BEVVAN (C.: Büven-Ebvine) Çadır direği.
BEVVEE Hazırladı, yerleştirdi, sâhib kıldı (meâlinde fiil).
BEVZ Devamlı oturuş. Daimi oturma. * Çillerin kaybolmasından sonra yüzün güzelleşmesi.
BEVZ(EK) f. Rutubetten dolayı yiyecek ve giyeceklerde meydana gelen yeşil renkte küf. * Ağacın, kök kısmına yakın olan yerleri. * Eşek arısı.
BEY' Satmak. * Fık: Bir malı diğer bir mal ile değiştirmek.
BEY'-İ BÂT Kat'i satış.
BEY' U ŞİRÂ Alım-satım. Alış-veriş.
BEYA f. Dolu, dolmuş. * Kapı, girilecek yer.
BEYABAN f. Çöl. Sahra. * İmar olunmamış arazi. * Kır.
BEYAD Mahvolma, yok olma, hiç olma.
BEYADIKA (Beyâzıka) (Beydak ve Beyzak. C.) Küçük yapılı, bodur boylu ve çabuk yürüşlü adamlar, paytaklar. * Satranç oyununda paytaklar, piyadeler.
BEYADİR Harmanlar.
BEYAH (C.: Büyâh) Küçük balık.
BEYAN İzah.

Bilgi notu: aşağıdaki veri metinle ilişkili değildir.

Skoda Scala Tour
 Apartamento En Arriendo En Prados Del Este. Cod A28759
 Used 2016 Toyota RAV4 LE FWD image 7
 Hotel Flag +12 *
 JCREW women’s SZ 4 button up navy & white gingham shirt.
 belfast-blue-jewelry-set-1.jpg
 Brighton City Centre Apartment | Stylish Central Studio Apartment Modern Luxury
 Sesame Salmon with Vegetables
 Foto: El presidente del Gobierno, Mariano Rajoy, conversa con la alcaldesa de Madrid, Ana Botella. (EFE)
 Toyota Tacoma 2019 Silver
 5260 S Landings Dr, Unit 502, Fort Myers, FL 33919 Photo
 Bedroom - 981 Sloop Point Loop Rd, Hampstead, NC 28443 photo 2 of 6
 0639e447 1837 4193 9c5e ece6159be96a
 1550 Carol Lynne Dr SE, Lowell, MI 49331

Açıklama. Anlatma. Açık söyleme. * Öğretme. * Fesahat ve belâgat. * Edb: Belâgat ilminin hakikat, mecaz, kinâye, teşbih, istiâre gibi bahislerini öğreten kısmı. (Bak: Belâgat) * Söz olsun, iş olsun; vukû' bulan şeyden murad ne olduğunu o şey ile alâkası ve münâsebeti bulunan bir sözle veya bir fiil ile açıklamaktır.
BEYAN-I EFKÂR Fikirleri beyan etme, fikirleri söyleme.
BEYAN-I HÂL Halini anlatma, durumunu bildirme.
BEYAN-I İFHAMİYE Bildirmek ve anlatabilmek için yapılan açıklama.
BEYAN-I TEFSİR Huk: Mücmel ve mübhem bir sözden maksadın ne olduğunu açıklayan beyan.
BEYAN-I ZARURET Huk: Zaruri beyandır. Susmak suretiyle ifade edilen mâna, beyan-ı zaruret kabilindendir.
BEYANAT (Beyan. C.) Nutuklar, izahlar, açıklamalar, beyanlar.
BEYANNAME f. Durumu yazı ile bildiren açıklama.
BEYARE f. Kısa boylu ve bodur olarak yerde yetişen nebat, meyve ve sebze. Kavun, karpuz, kabak...gibi.
BEYARİŞ f. Çare. Tedbir. Deva, derman. İlâç, tiryak.
BEYAT Geceleyin çalışma, geceyi işle geçirme.
BEY'AT (Bak: Biat)
BEYAVAR f. Meşguliyet, meşgul olma, uğraşma, iş.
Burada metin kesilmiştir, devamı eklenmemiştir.